The history of Iran is embodied in its ethnic mosaic. Ethnic Persians, who make up half the population, dominate the north and west, living mostly in urban areas. Northwest Iran contains the Azerbaijanis; the second largest ethnic group in Iran, they are often farmers, herders and traders. In the Zagros mountains live the Kurds, Luri and Bakhtiari, who were traditionally nomadic herders. The southwest is home to many Arabs, who often work in the oil industry, while the southeast is home of the Baluchis, farmers who often live in huts made of willow branches. Many other ethnic groups also live in Iran.

With so many peoples, there are few general truths about Iranian families. Religion, social class and ethnic group all affect family structure. In general, however, Iranians regard the unity and honour of the family as more important than individual wishes. Many people prefer to live near their relatives. Most families are headed by the oldest male, with formal authority descending through other males by age. Children are raised to be disciplined and to respect their elders.

Regarded as very important, marriage often occurs before the age of 20. In some rural families, parents arrange marriages for their children, setting a bride-price that helps finance the wedding. Some grooms also contract to pay a mahriyeh to their brides in the event of divorce or the husband's death. Although Shi'ite Muslims may legally marry up to four women, polygamy is rare.

Upper-class, urban women in Iran have undergone the greatest social changes this century. They were traditionally more restricted than women from poorer families or the countryside, whose labour is often necessary for their families' survival. Before Khomeini's rise to power, women from upper-class families had moved into the labour force for the first time, and many achieved high positions; since the revolution, all women, particularly urban ones, have faced numerous restrictions, and sexual segregation has become more important in society. Segregation is enforced in various aspects of life, such as seating on public buses and dress codes.

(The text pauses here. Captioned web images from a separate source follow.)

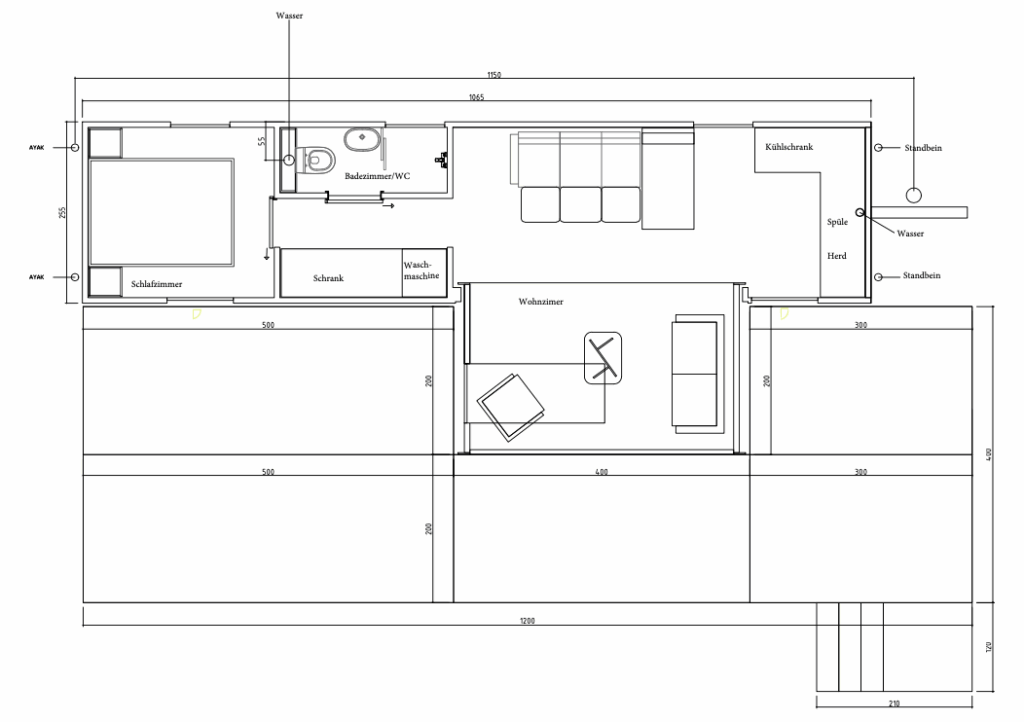 Tiny House Grundriss Mobilheim mit Slide Out
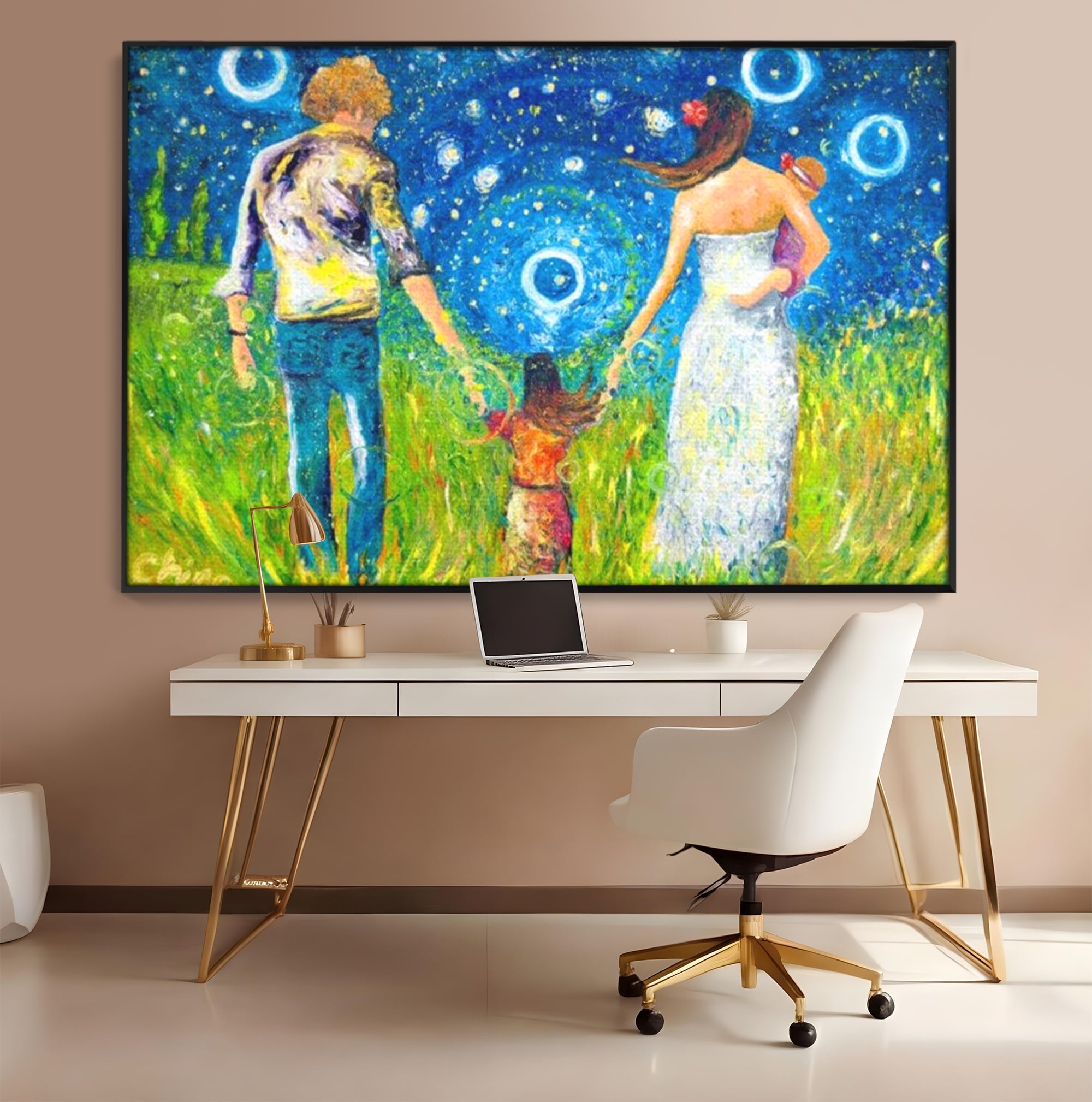 Tablou Canvas Premium, LuxCanva® K1020, Familia Impreuna, Mama, Tata, Copil, Cer, Pasi, Plimbare, Timp, Infinit, Iubire, Vesnicie, Inimi, Calatorie, Armonie, Emotie, Iubitor, Camera Copii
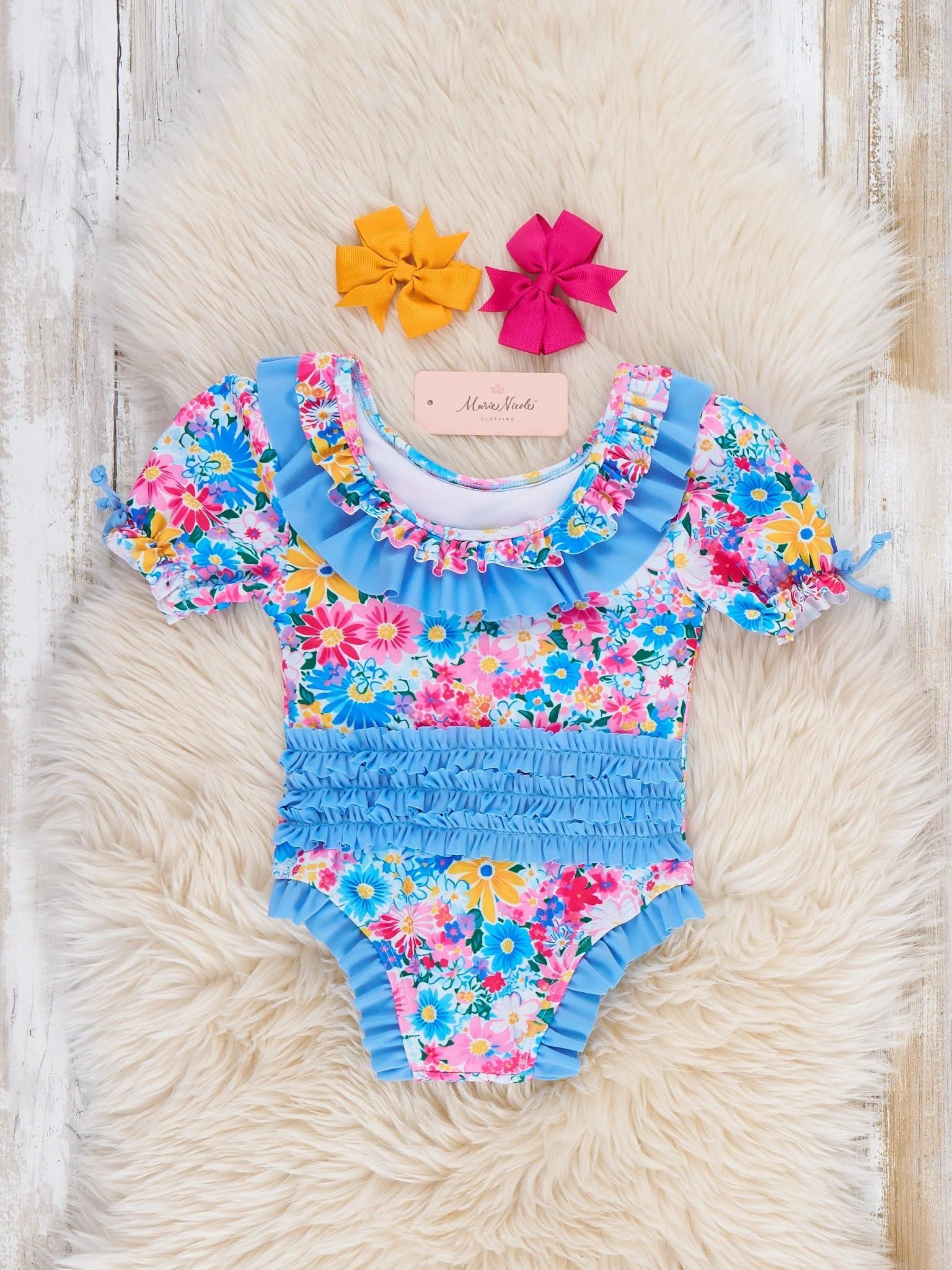 Garden Gala Puff Sleeve Ruffle Swimsuit - Image 4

Iranians dress very modestly, with arms and legs covered. By law, women over age nine must wear the hejab or Islamic dress. This can include wearing either a chador, a cloak-like garment (usually black) that completely covers the body, or a head scarf accompanied by trousers and a long, loose coat.

  Did you know?
The desert city of Yazd has houses built below ground to escape the heat. The houses have special "wind towers" designed to catch every breath of wind and send it downward to refresh the living areas.

  Did you know?
Iran is a modern country infused with rich traditions. Cities offer fast-food restaurants and international business districts alongside bazaars selling spices and carpets.